■ **EXERCISE BRIEF**
Output each record below exactly, leaving any picture out of the copy.

■ **DATASET**
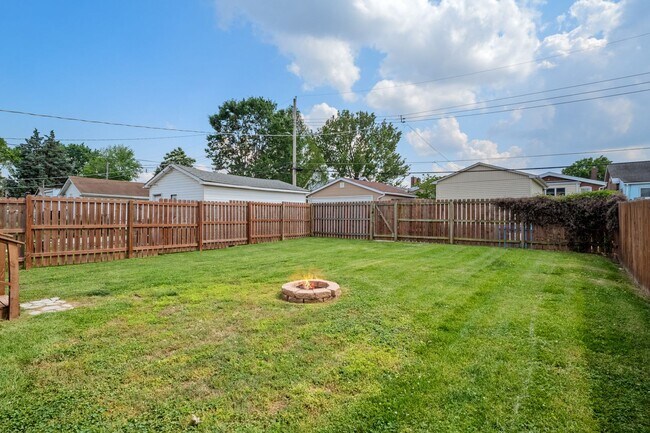 Building Photo - For the Big Dawgs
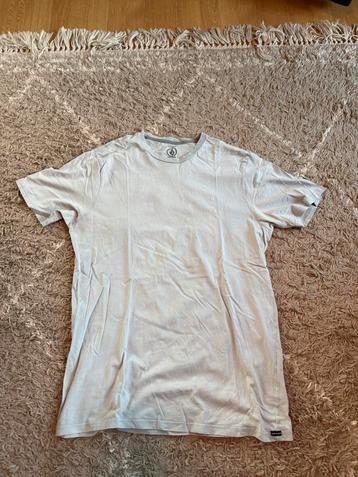 Volcom T-shirt Lichtblauw Maat L beschikbaar voor biedingen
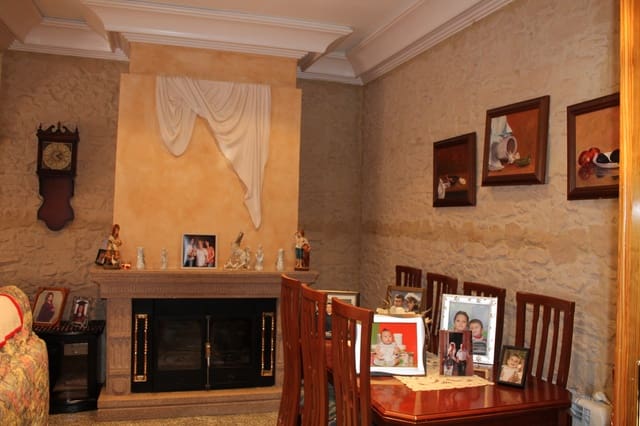 5 bedroom Terraced Villa for sale in Hondón de las Nieves - € 269,000 (Ref: 6385420)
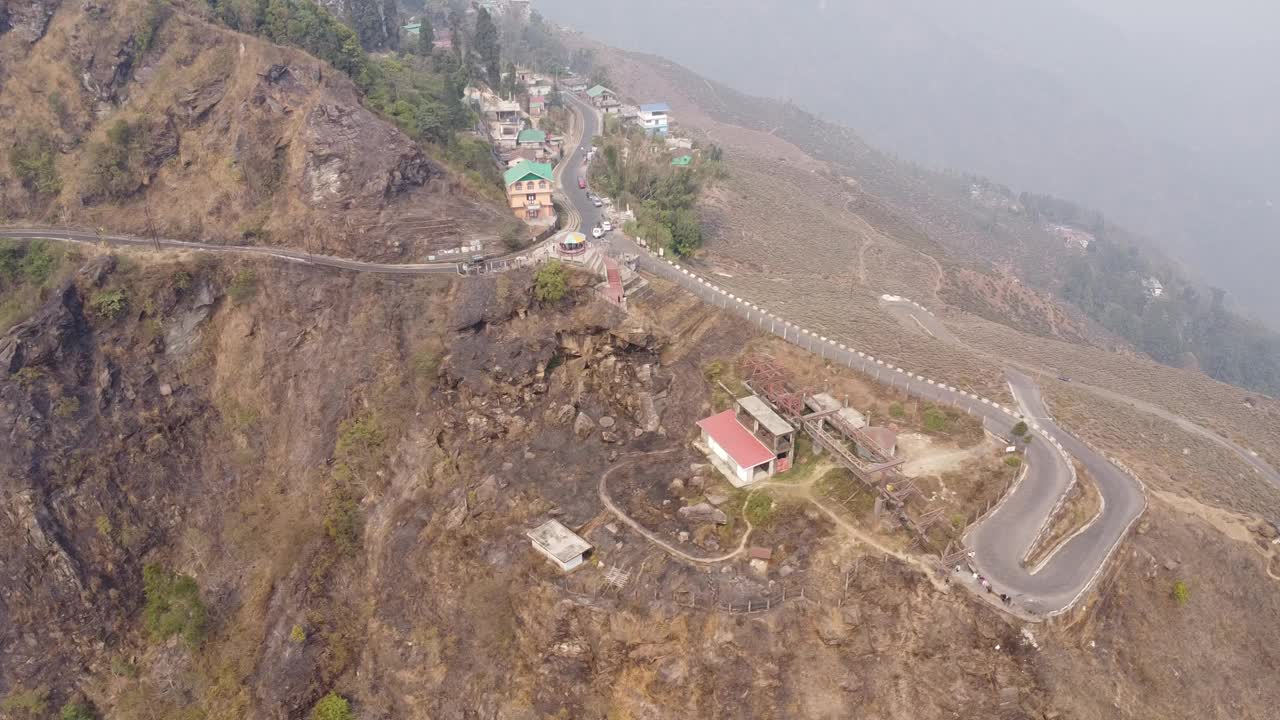 无人机拍摄了喜马拉雅山脉中茶谷斜坡的视频视频素材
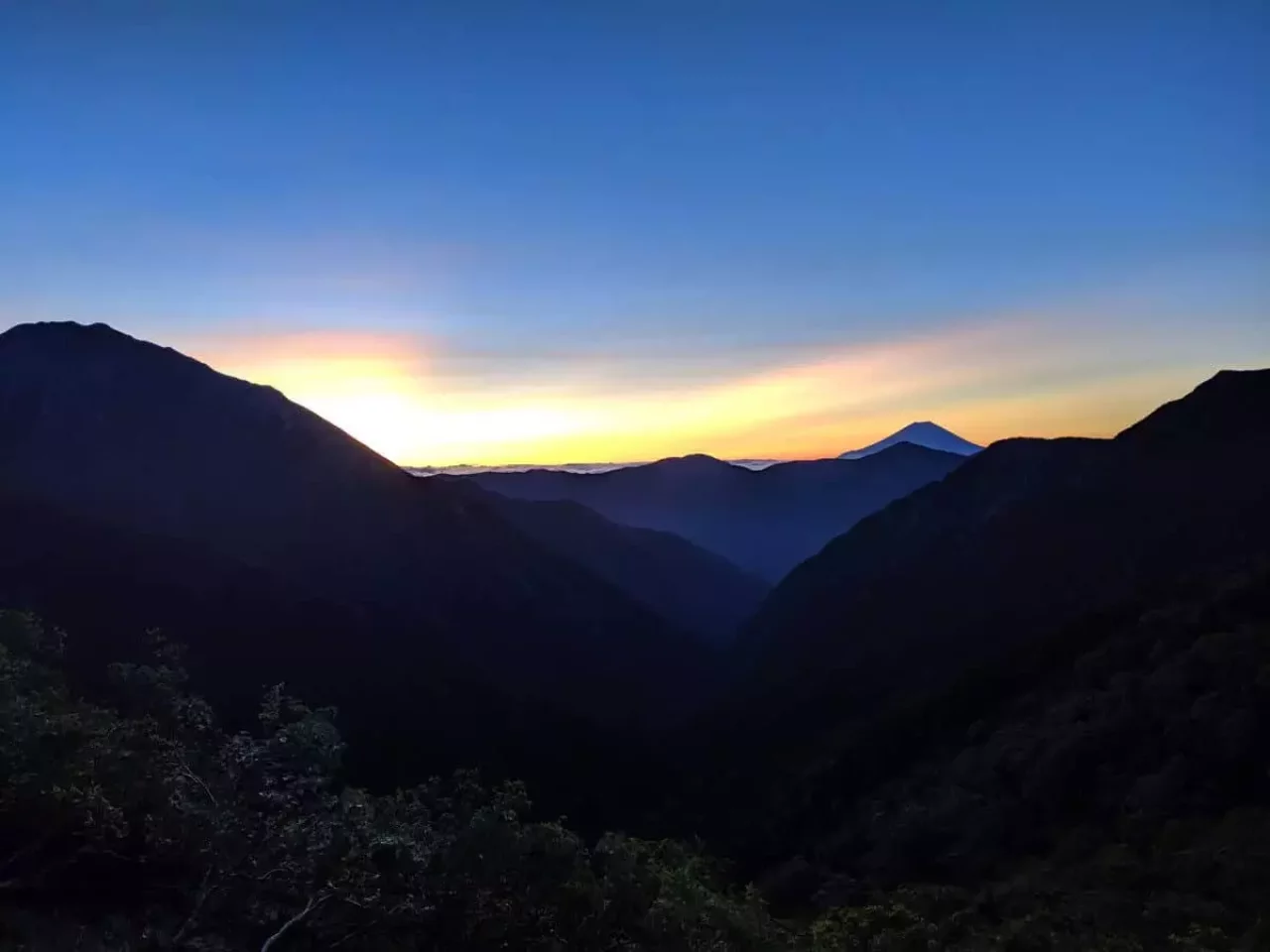 兎岳を目指す稜線上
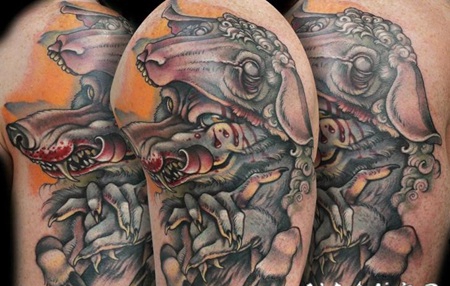 手臂现代风格的彩绘狼披着羊皮纹身图案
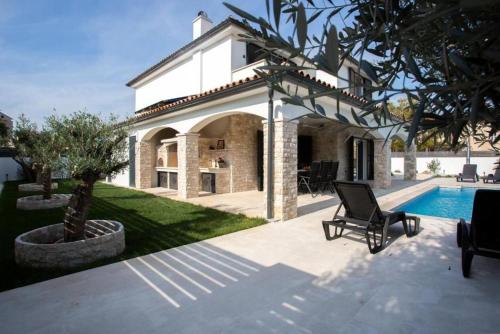 Villa Kata Pula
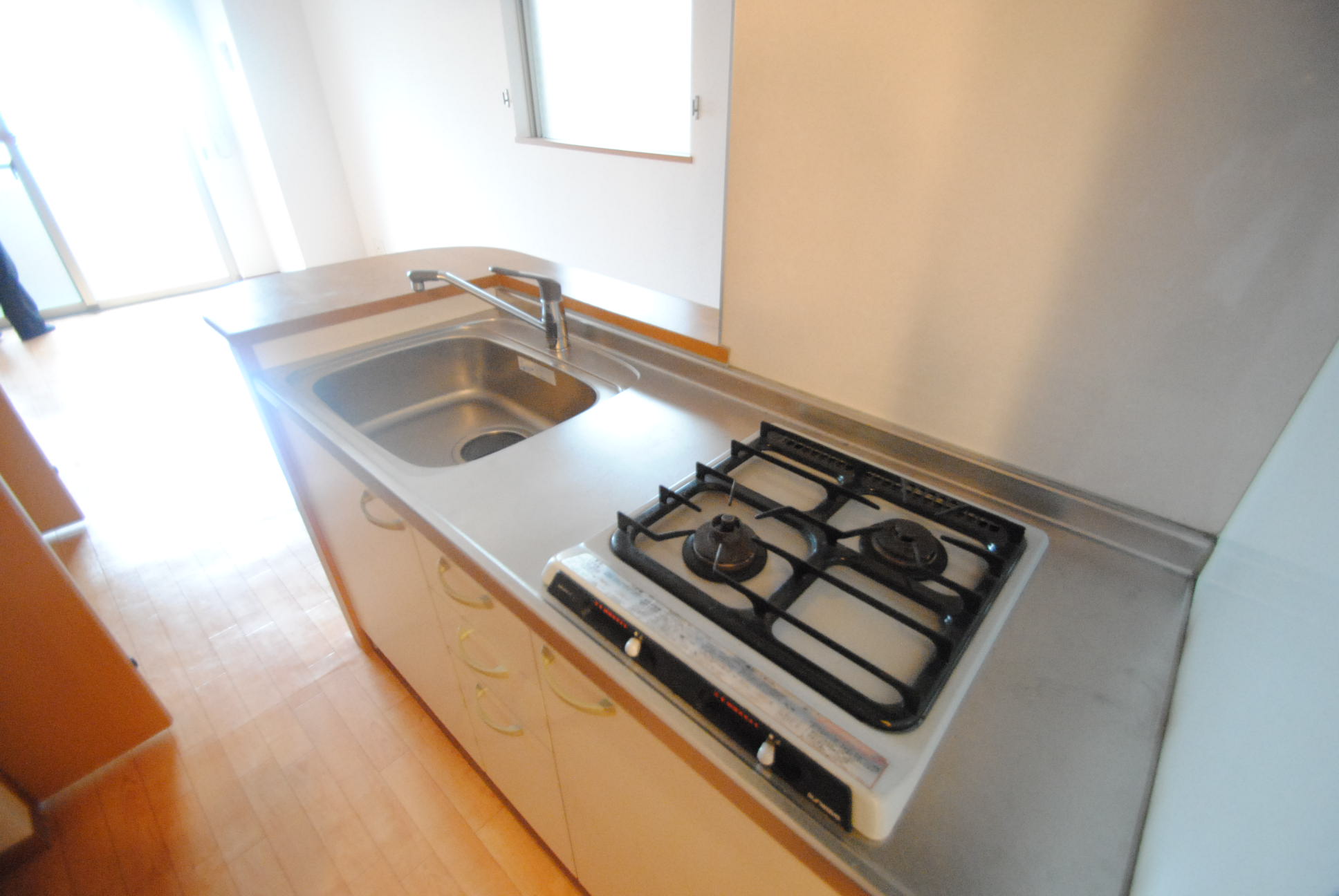 キッチン　２口ガス！しかもシステムキッチン！！！！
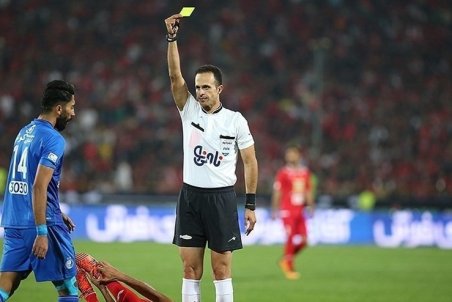 دربی پرسپولیس - استقلال/ حیدری رسما به عنوان داور شهرآورد تهران انتخاب شد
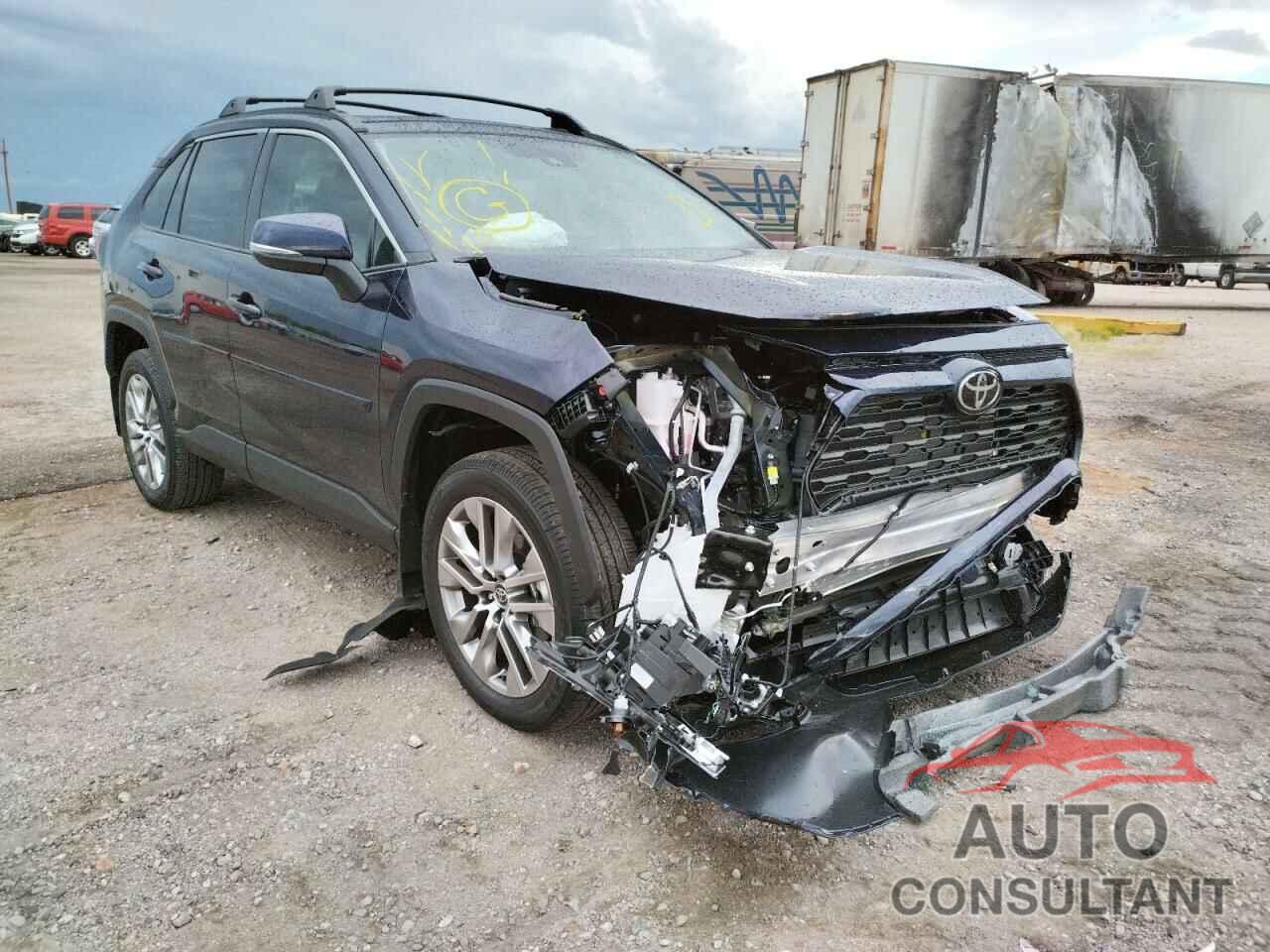 TOYOTA RAV4 2022 - 2T3C1RFV4NW213067
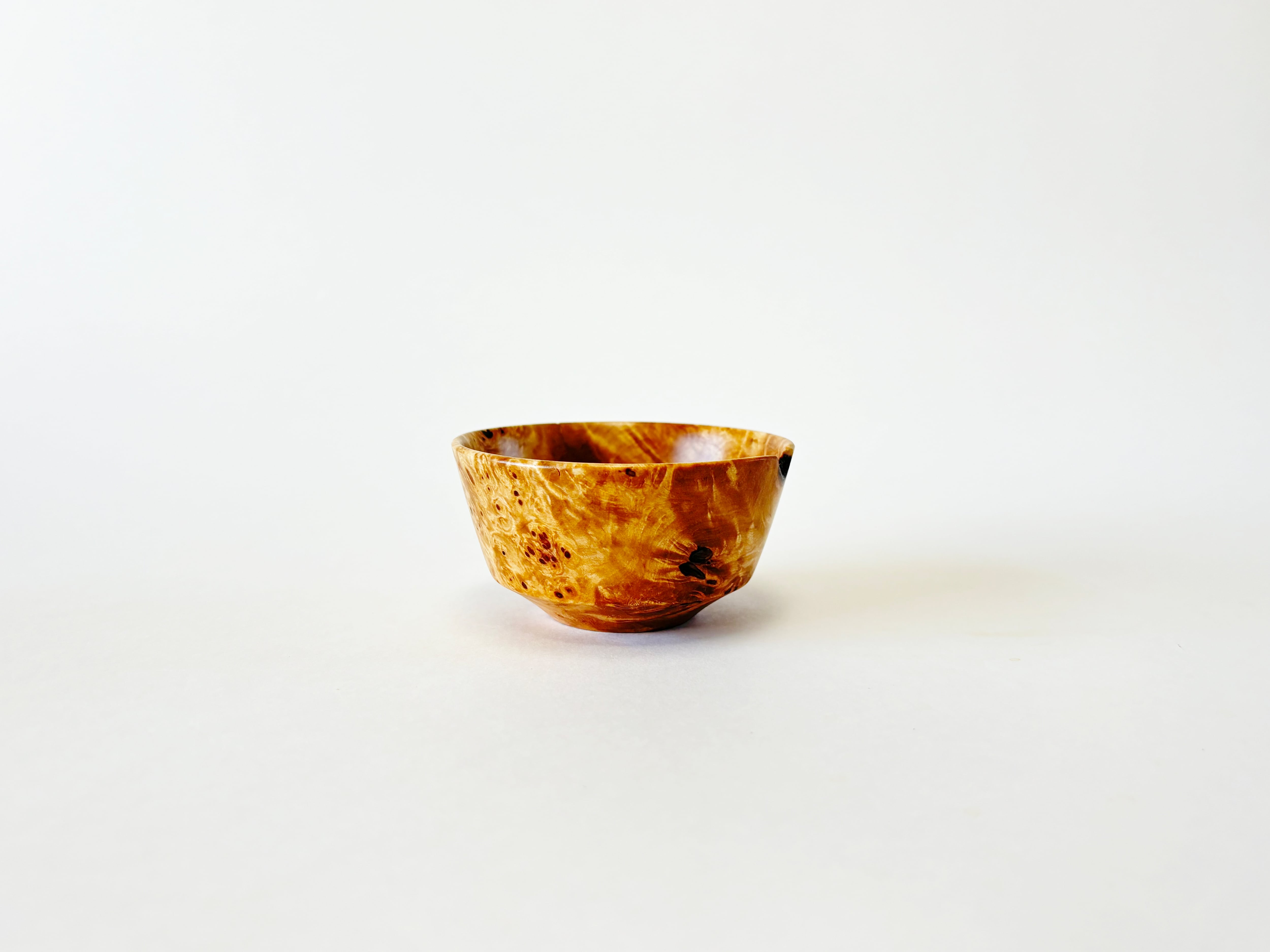 極美 瘤木 手付き大鉢 天然木 一点物 菓子鉢 花器 岳樺瘤 ぐい呑 一点もの | 工房 十勝の木のうつわ web shop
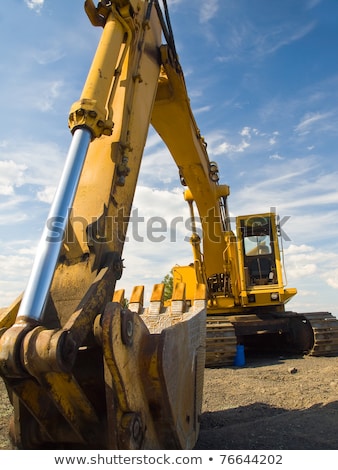 Imagine de stoc: Chipament · pentru · construcții · buldozer · parcat · la · locul · de · muncă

■ **FINISHED TASK**
 Building Photo - For the Big Dawgs
 Volcom T-shirt Lichtblauw Maat L beschikbaar voor biedingen
 5 bedroom Terraced Villa for sale in Hondón de las Nieves - € 269,000 (Ref: 6385420)
 无人机拍摄了喜马拉雅山脉中茶谷斜坡的视频视频素材
 兎岳を目指す稜線上
 手臂现代风格的彩绘狼披着羊皮纹身图案
 Villa Kata Pula
 キッチン　２口ガス！しかもシステムキッチン！！！！
 دربی پرسپولیس - استقلال/ حیدری رسما به عنوان داور شهرآورد تهران انتخاب شد
 TOYOTA RAV4 2022 - 2T3C1RFV4NW213067
 極美 瘤木 手付き大鉢 天然木 一点物 菓子鉢 花器 岳樺瘤 ぐい呑 一点もの | 工房 十勝の木のうつわ web shop
 Imagine de stoc: Chipament · pentru · construcții · buldozer · parcat · la · locul · de · muncă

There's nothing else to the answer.